Through the Looking Glass Children's Book Reviews

Quake! Disaster in San Francisco, 1906

Quake! Disaster in San Francisco, 1906

Gail Langer Karwoski
Illustrator:  Robert Papp 
Historical Fiction
For ages 10 to and up
Peachtree, 2004   ISBN: 978-1561453108

Jacob Kaufman’s day has begun very badly. The day before, Jacob’s uncle Avi gave him a little stray dog to take home, saying that a dog is good for "little children to play with." Not surprisingly Jacob’s father was not happy to see the dog when he got home from work. In fact, the night before his father insisted that Jacob take the dog back to his uncle Avi as soon as possible explaining that it is too soon after Jacob’s mother’s death to be thinking about getting a pet. In the early hours of the morning the dog began to make the most awful racket and Jacob left the apartment to take the dog back to where he first saw it, in the market district, sick at heart and angry with his father.
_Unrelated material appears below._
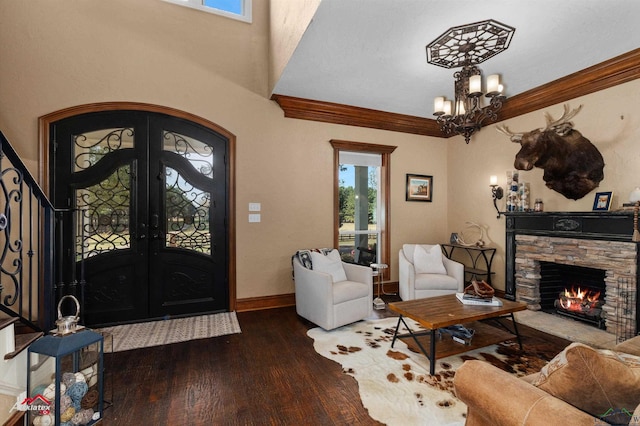 foyer entrance featuring french doors, a notable chandelier, wood-type flooring, a fireplace, and ornamental molding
Jacob is not far from home when his whole world seems to turn upside down; the road heaves under his feet, the buildings around him shake and shiver, and the air is full of the noise of destruction and terror. When the cataclysm finally comes to an end, Jacob runs back to his street and discovers that the tenement that he used to live in is no more than a pile of rubble. His father and little sister are no where to be found but there are clues that Jacob’s family did manages to escape the effects of the earthquake that shook the city. Surely they must be out on the streets somewhere looking for him.

This begins Jacob’s extraordinary adventure to find his father and little sister and with him, at his heels, trots the little dog. Jacob calls the dog Quake and he turn out to be a real blessing in disguise, for Quake quite literally turns out to be a life saver. Not only does he save Jacob’s life but he also helps rescue a Chinese boy who is buried in a collapsed house in Chinatown. San turns out to be in very much the same situation as Jacob, his family gone and their whereabouts unknown. So, the three of them, the two boys and the dog, begin to search what remains of the city for their families.

On their journey Jacob learns about what it is like to be a Chinese person living in San Francisco. He sees racism at first hand and it disgusts him. He also has the good luck to meet people with kind and open hearts who don’t care that San is Chinese and who only see him as the lost boy that he is.

Fascinating, engrossing, and packed with historically accurate details, the author of this book has created a work which is sure to entertain both young and older readers. The reader gets to see in living color how a disaster can bring out both the best, and the worst in people, and what the American immigrant experience was like for those who did not have Anglo-Saxon roots.